March 9 (Bloomberg) -- Income inequality in the U.S. is most prevalent across a large swath of counties ranging from the Deep South to the Appalachian Mountains, according to a Census Bureau report released yesterday.
Six of the 10 counties with the highest income disparity were in Texas, Louisiana, Georgia, South Carolina and Mississippi, all states with Republican governors that usually back the party’s presidential candidates.
The report, covering the years 2006-2010, highlights the paradox of the wealth gap as a political issue between voters in so-called red states that tend to vote Republican and blue states that lean Democratic. A 2007 study found that while inequality is more evident in poor states such as Mississippi, voters there largely favor Republican candidates. In wealthier states, they’re more likely to back the other major party.
“In a Democratic state like New York, rich people are a little more conservative than the poor people, but they’re socially liberal,” Andrew Gelman, a Columbia University political scientist and statistician who led that study, said in a telephone interview. “In a state like Texas, the rich aren’t really that conflicted.”
Still, the gap was also pronounced in large urban areas such as New York County, or Manhattan, which had the highest level of income disparity of any major population center in the U.S. and was third overall. The inequality wasn’t as evident in the Midwest and was least pronounced in less-populous areas such as Loving County, Texas, and fast-growing suburbs like Kendall County, Illinois, near Chicago.
Inequality Tapering Off
More than one-third of Americans live in counties that rank among the highest for income inequality, the Census Bureau said.

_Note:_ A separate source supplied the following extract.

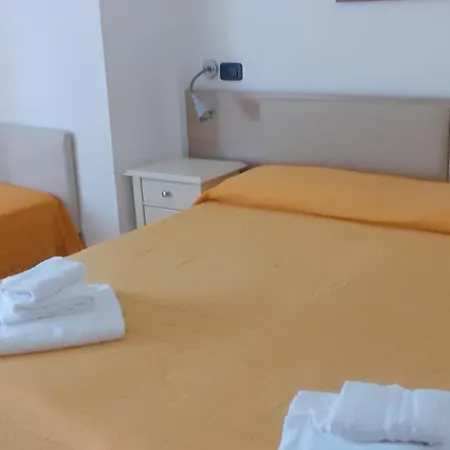 & Stella Maris Szálloda 3*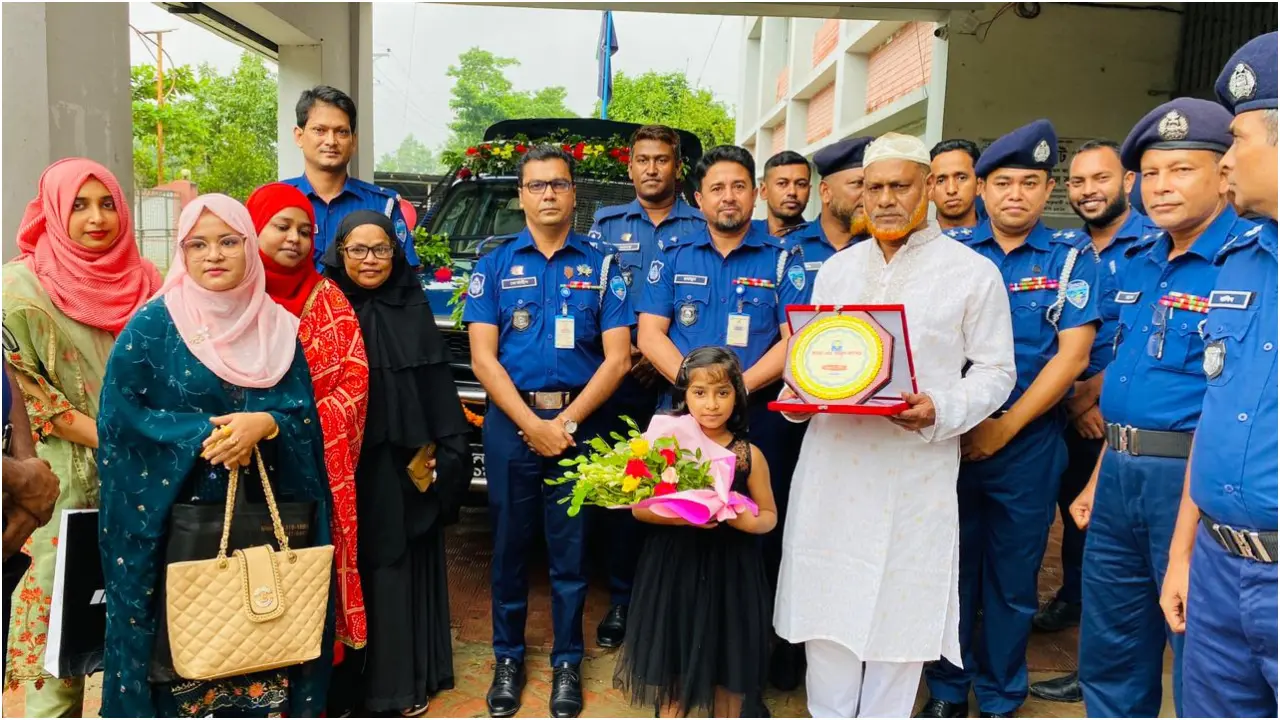 বর্ণাঢ্য আয়োজনে বিদায়, অঝোরে কাঁদলেন এএসআই আবুল কাশেম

The bureau said income inequality has risen 18 percent since 1967, with half the growth occurring during the 1980s. It climbed every year between 1998 and 2006 before dropping the following year, and has been rising since.
“More recently, the growth in income inequality has tapered off,” Adam Bee, the author, wrote in the report, based on data from the American Community Survey, an annual poll of 3 million households that collects demographic, social and economic information.
The annual survey uses a so-called Gini coefficient to measure income inequality within any geographical region. A Gini of 0 indicates complete equality, where all households have the same amount of income; a Gini of 1 means one household has all the income. The index ranged from 0.207 in Loving County to 0.645 in East Carroll Parish, Louisiana.
Nationwide, the Gini index in 2010 was 0.467. The median Gini for U.S. counties was 0.43. New York County, home to the nation’s largest city, had a Gini of 0.601, slightly less than that of Nicaragua.
The nation’s three most-populous counties -- Los Angeles County, Cook County, Illinois, and Harris County, Texas -- were also among the highest urban areas in income inequality.